-------- Data extracts

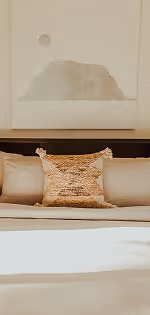 Beige sofa with a textured decorative pillow and abstract wall art of a sun over a hill.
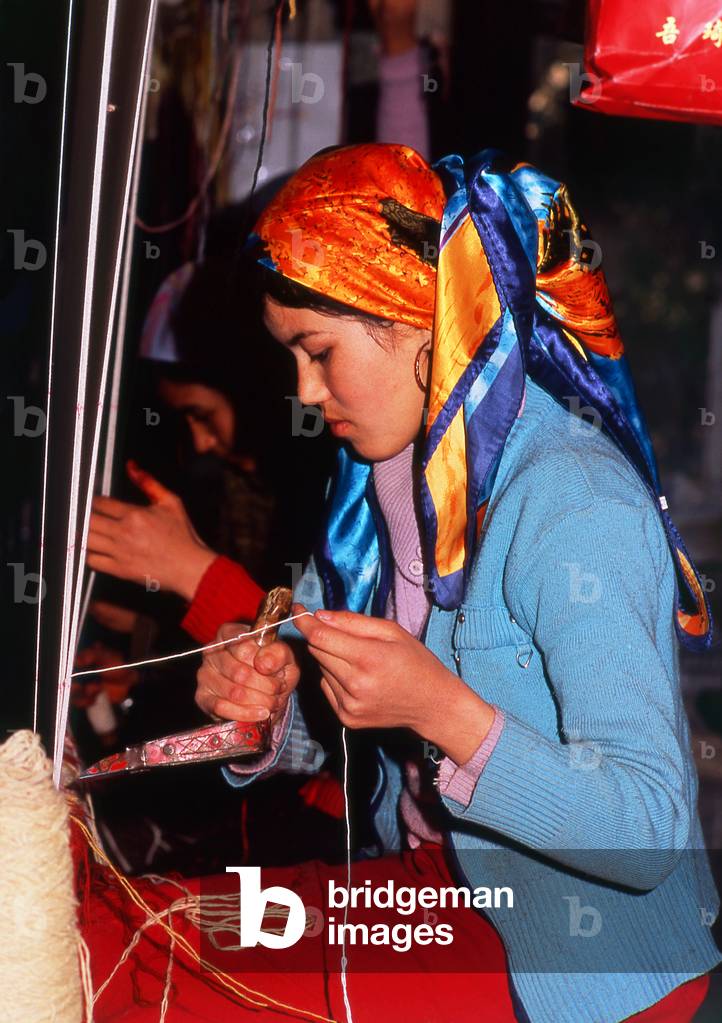 China: A Uighur carpet weaver, carpet factory, Khotan, Xinjiang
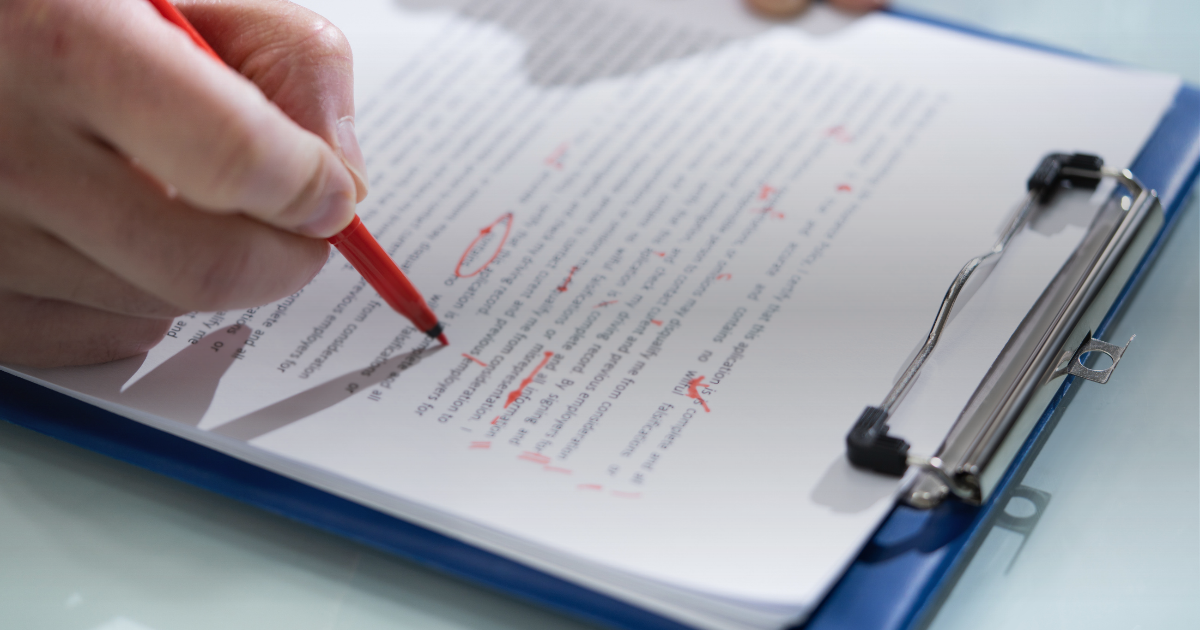 Mão com caneta vermelha corrigindo um texto em uma prancheta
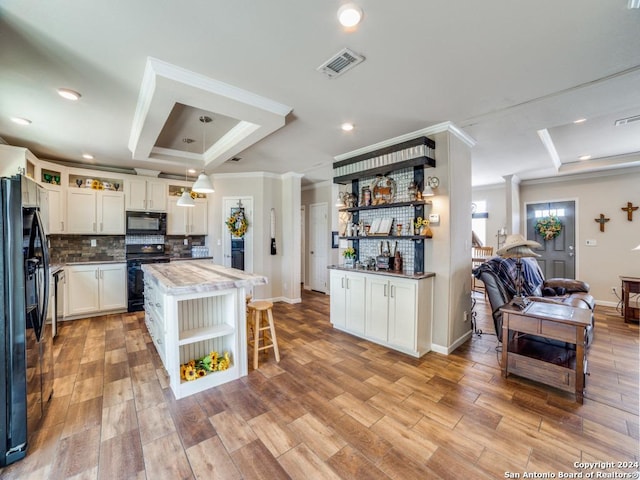 kitchen with pendant lighting, a center island, a tray ceiling, black appliances, and white cabinets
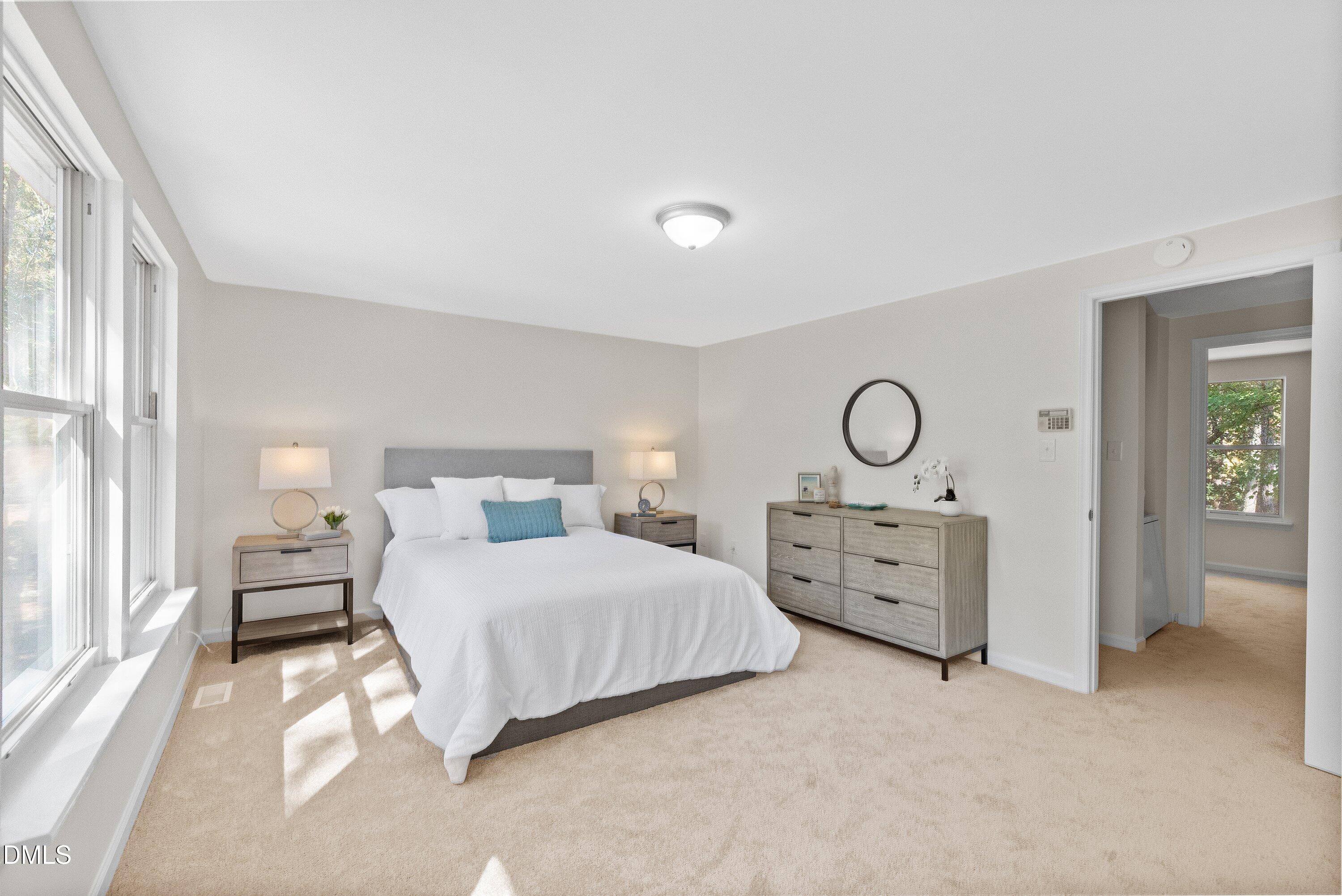 632 Middleton Avenue Cary, NC 27513 - Photo 22 of 34 a bedroom with a bed and a chandelier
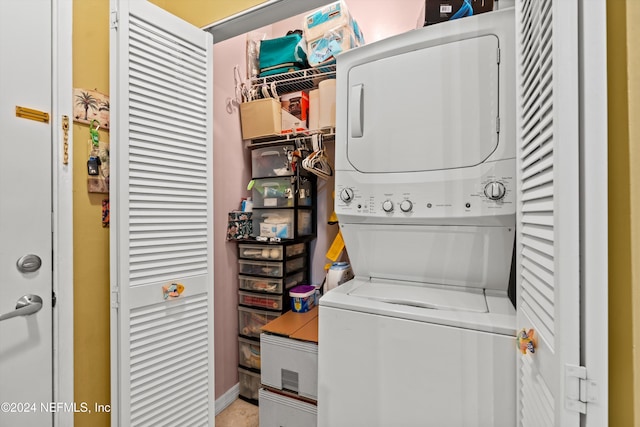 laundry area with stacked washing maching and dryer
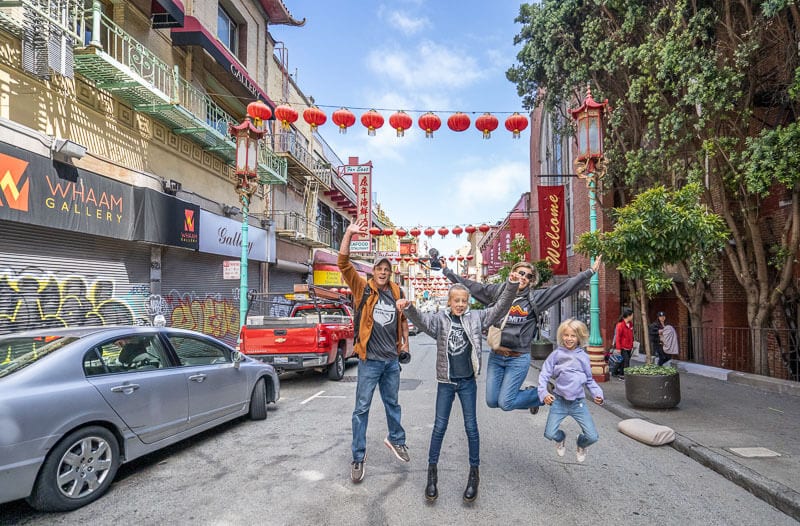 family jumping in streets of Chinatown in San Francisco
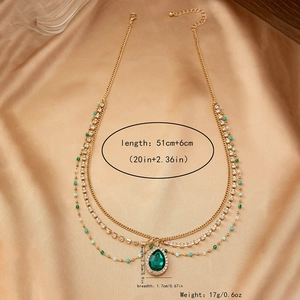 Détail du collier bohème doré avec pendentif goutte verte et accents de cristal brillant
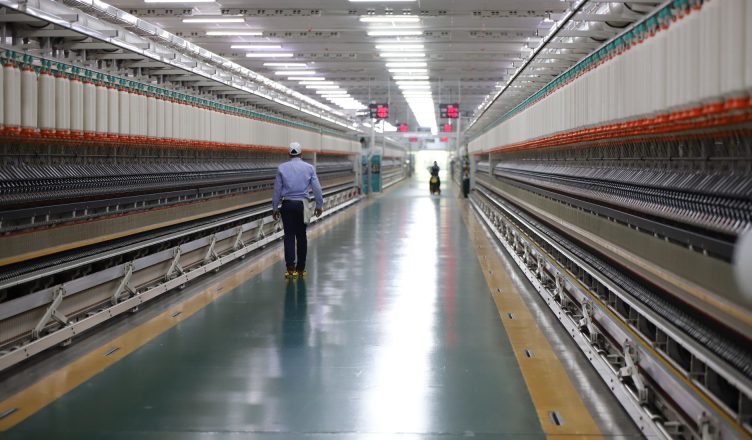 A man walks through a well-lit hallway in a modern industrial textile plant in India. — All you need to know about Fume Extra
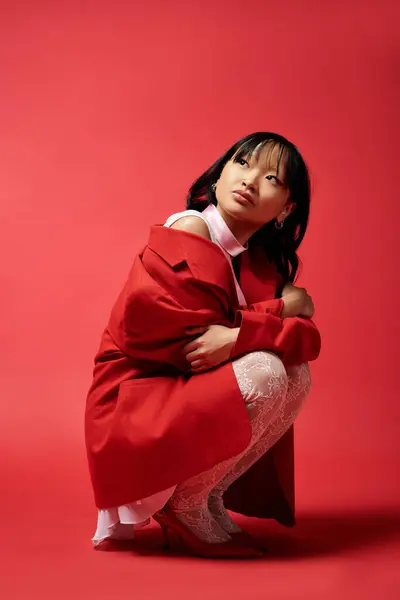 A beautiful Asian woman crouches gracefully in a vibrant red setting. — Stock Photo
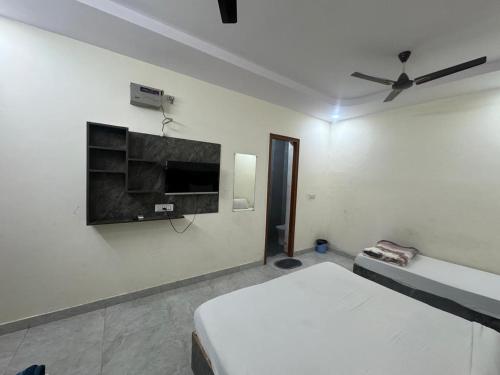 a bedroom with a bed and a tv on the wall at Meera Residency Vrindavan in Vrindāvan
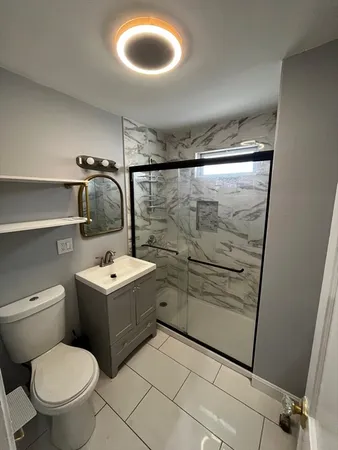 a bathroom with a toilet sink and shower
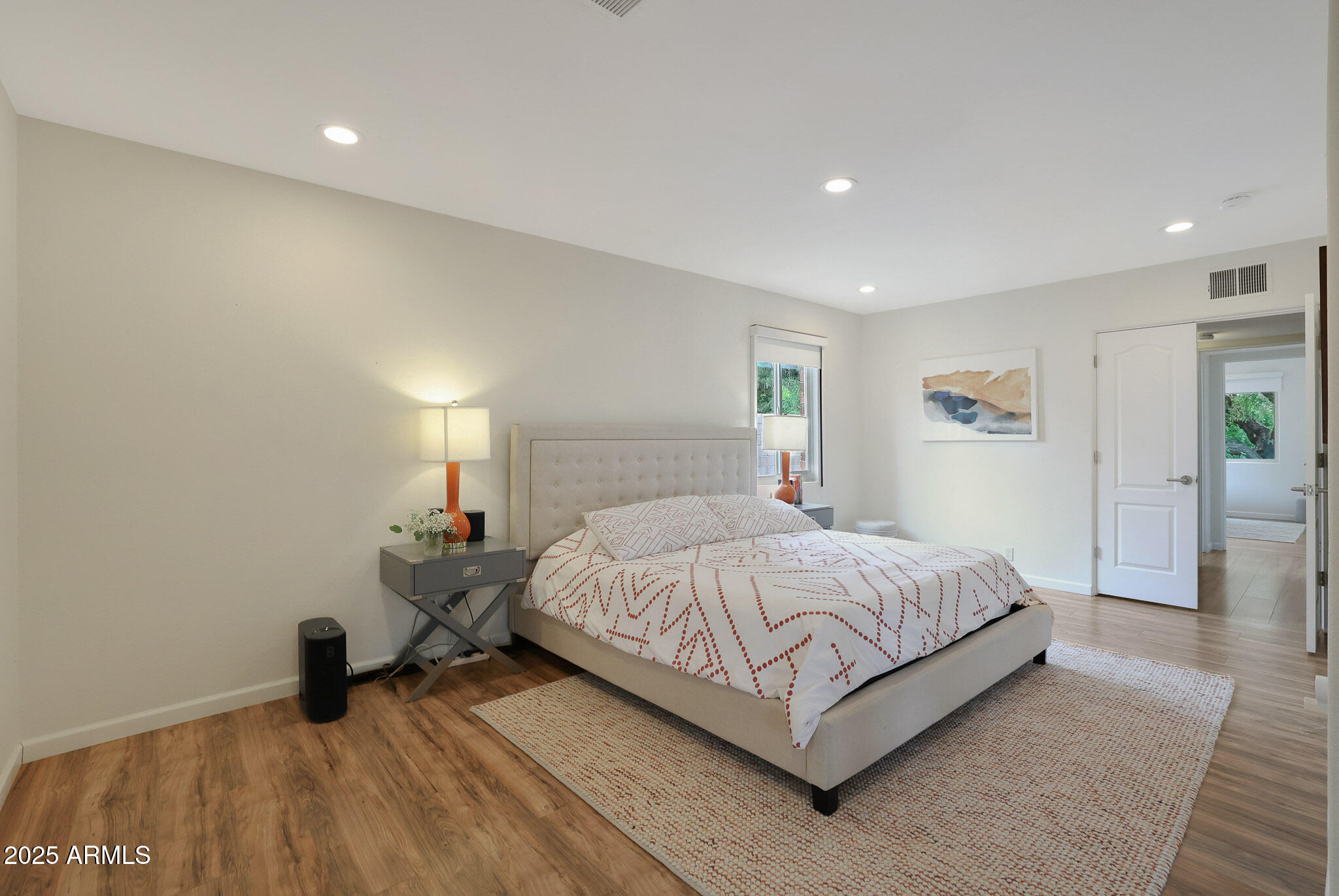 2226 East Fairmount Avenue Phoenix, AZ 85016 - Photo 27 of 50 a bedroom with a bed and a lamp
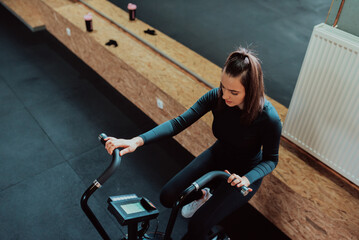 Fototapeta na wymiar Serious caucasian female in activewear sitting on exercising bike ready for reaching good results in cardiom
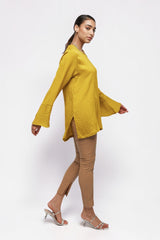 ALBANA New York saffron yellow textured linen tunic with high neck and wide sleeves worn by a model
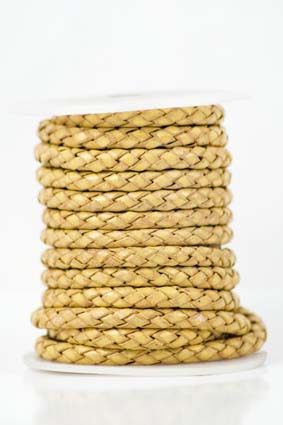 Immagine di Lederband geflochten 4mm gold antik, auf 5m-Rolle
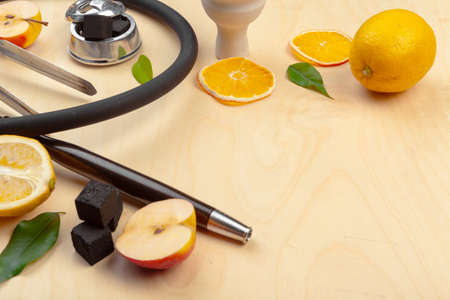 Parts of hookah and fruits on wooden background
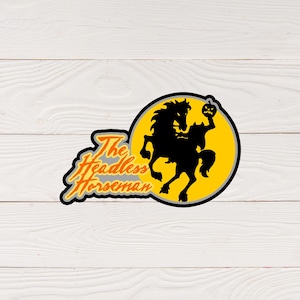 May include: A black silhouette of a headless horseman riding a horse with a jack-o-lantern in its hand. The image is set against a yellow circle with a gray outline. The text "The Headless Horseman" is written in orange and black below the circle.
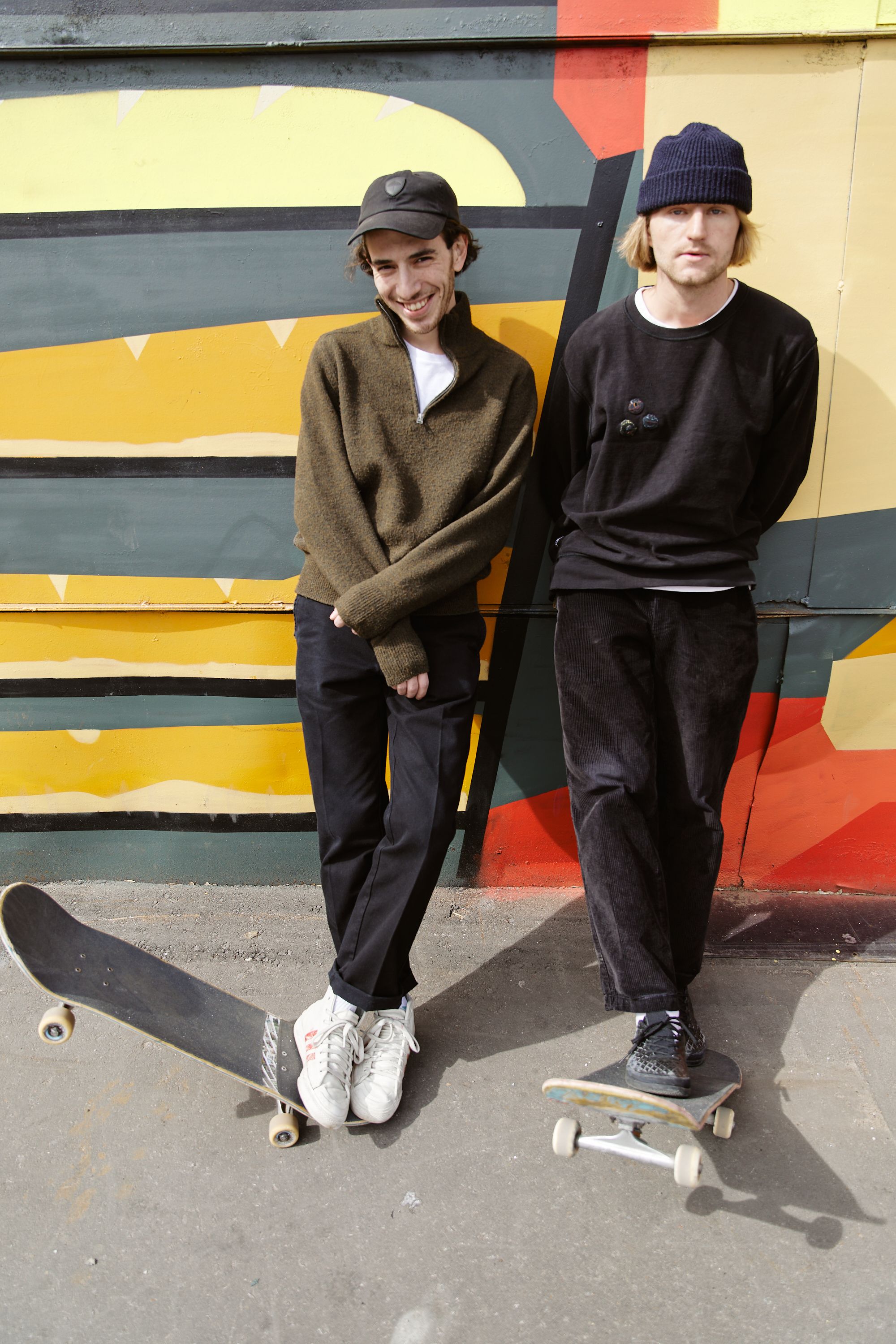 Two skateboarders enjoy a sunny day in front of a colorful street art mural, exuding youthful urban style.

----------------

Brief: The answer must be an exact copy of the lines from the start of the records above through the line containing "632 Middleton Avenue", with no pictures in it.

Finished exercise:
 Beige sofa with a textured decorative pillow and abstract wall art of a sun over a hill.
 China: A Uighur carpet weaver, carpet factory, Khotan, Xinjiang
 Mão com caneta vermelha corrigindo um texto em uma prancheta
 kitchen with pendant lighting, a center island, a tray ceiling, black appliances, and white cabinets
 632 Middleton Avenue Cary, NC 27513 - Photo 22 of 34 a bedroom with a bed and a chandelier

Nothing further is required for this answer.